For the records below, output word for word the lines from the one with "A-Premium Electric Fuel" up to and including the one with "Britax Römer Dualfix". No pictures.
Start of ENTRIES PROVIDED
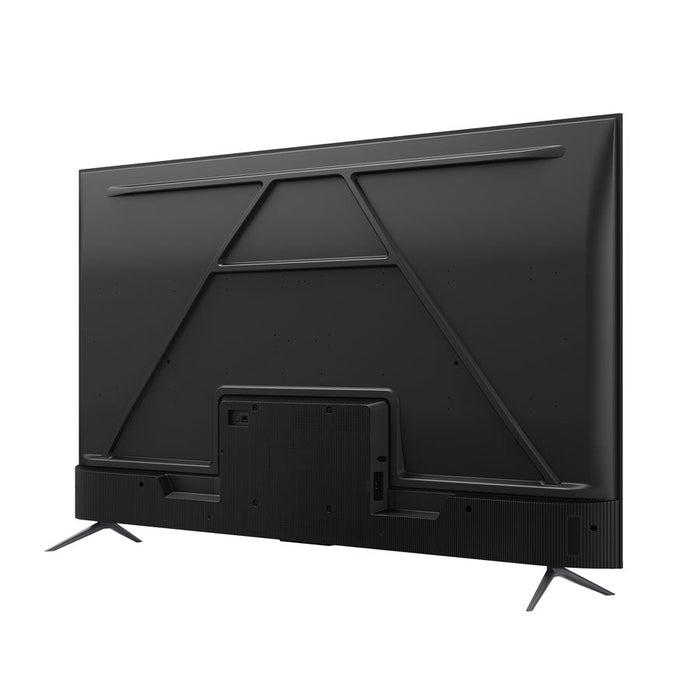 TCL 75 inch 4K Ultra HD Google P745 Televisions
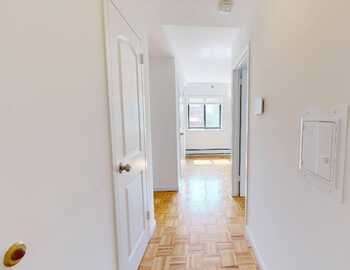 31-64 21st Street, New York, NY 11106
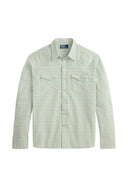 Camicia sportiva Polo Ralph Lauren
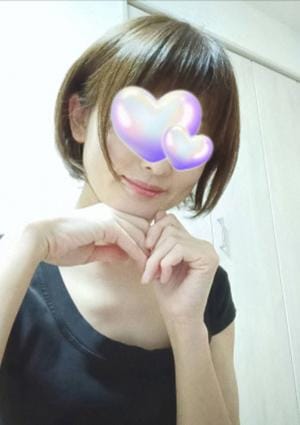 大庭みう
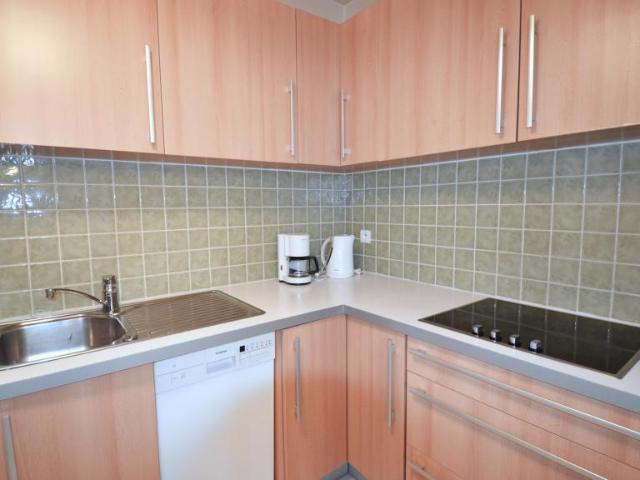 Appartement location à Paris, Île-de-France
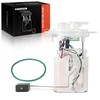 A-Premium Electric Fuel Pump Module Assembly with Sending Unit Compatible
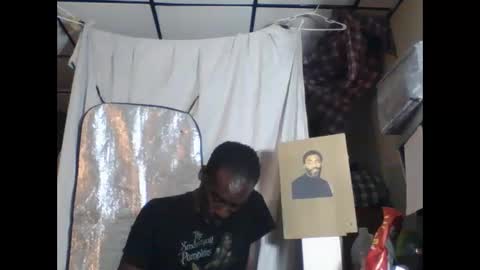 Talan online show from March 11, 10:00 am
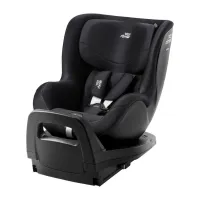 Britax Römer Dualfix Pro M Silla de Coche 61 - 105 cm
End of ENTRIES PROVIDED
Start of ENTRIES PROVIDED
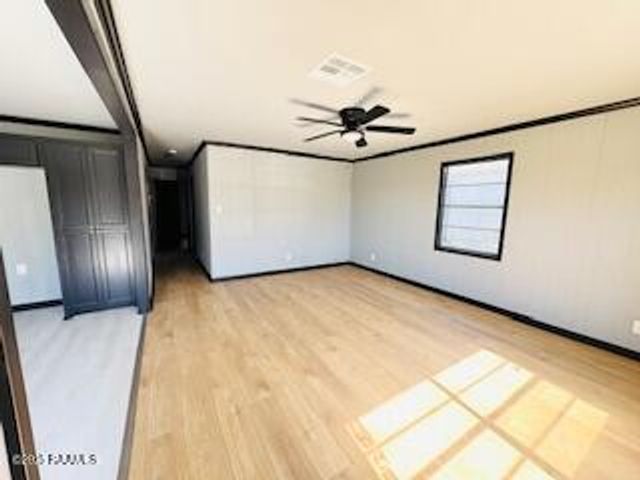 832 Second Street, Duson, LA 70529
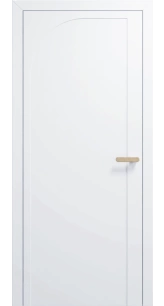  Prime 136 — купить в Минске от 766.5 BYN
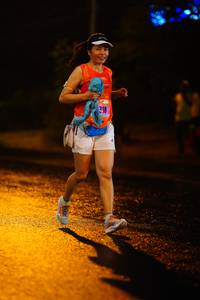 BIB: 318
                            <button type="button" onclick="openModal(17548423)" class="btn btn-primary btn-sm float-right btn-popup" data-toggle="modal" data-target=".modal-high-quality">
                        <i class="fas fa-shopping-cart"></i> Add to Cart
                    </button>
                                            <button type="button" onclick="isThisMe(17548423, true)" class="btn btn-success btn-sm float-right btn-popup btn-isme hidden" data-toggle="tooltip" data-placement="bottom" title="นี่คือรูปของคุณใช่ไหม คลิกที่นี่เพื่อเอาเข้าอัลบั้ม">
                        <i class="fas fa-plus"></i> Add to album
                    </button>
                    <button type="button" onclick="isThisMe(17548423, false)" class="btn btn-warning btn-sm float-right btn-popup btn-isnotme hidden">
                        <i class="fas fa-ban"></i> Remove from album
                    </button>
End of ENTRIES PROVIDED
Start of ENTRIES PROVIDED
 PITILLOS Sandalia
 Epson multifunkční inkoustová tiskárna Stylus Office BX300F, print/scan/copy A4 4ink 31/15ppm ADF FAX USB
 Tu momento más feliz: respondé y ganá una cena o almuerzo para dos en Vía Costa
End of ENTRIES PROVIDED
RESULT:
 A-Premium Electric Fuel Pump Module Assembly with Sending Unit Compatible
 Talan online show from March 11, 10:00 am
 Britax Römer Dualfix Pro M Silla de Coche 61 - 105 cm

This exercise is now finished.